=== HOW TO COMPLETE THIS TASK ===
As written and without pictures, set down the lines from the one that contains "Escalera Tijera Aluminio" through the end of the data.

=== DATA BELOW ===
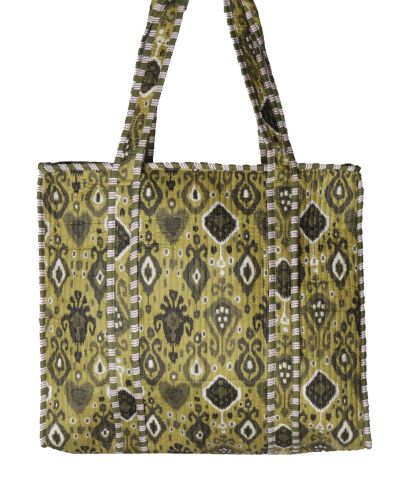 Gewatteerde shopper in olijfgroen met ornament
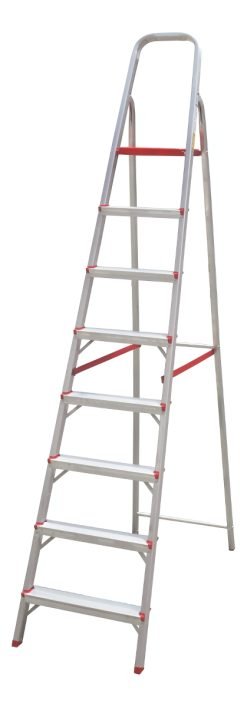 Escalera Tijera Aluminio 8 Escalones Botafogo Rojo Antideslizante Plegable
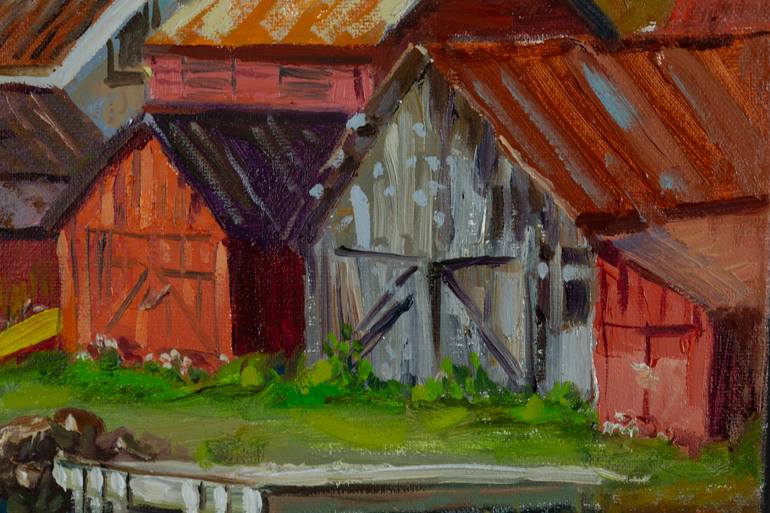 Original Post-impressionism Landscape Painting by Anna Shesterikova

=== TASK ANSWER ===
 Escalera Tijera Aluminio 8 Escalones Botafogo Rojo Antideslizante Plegable
 Original Post-impressionism Landscape Painting by Anna Shesterikova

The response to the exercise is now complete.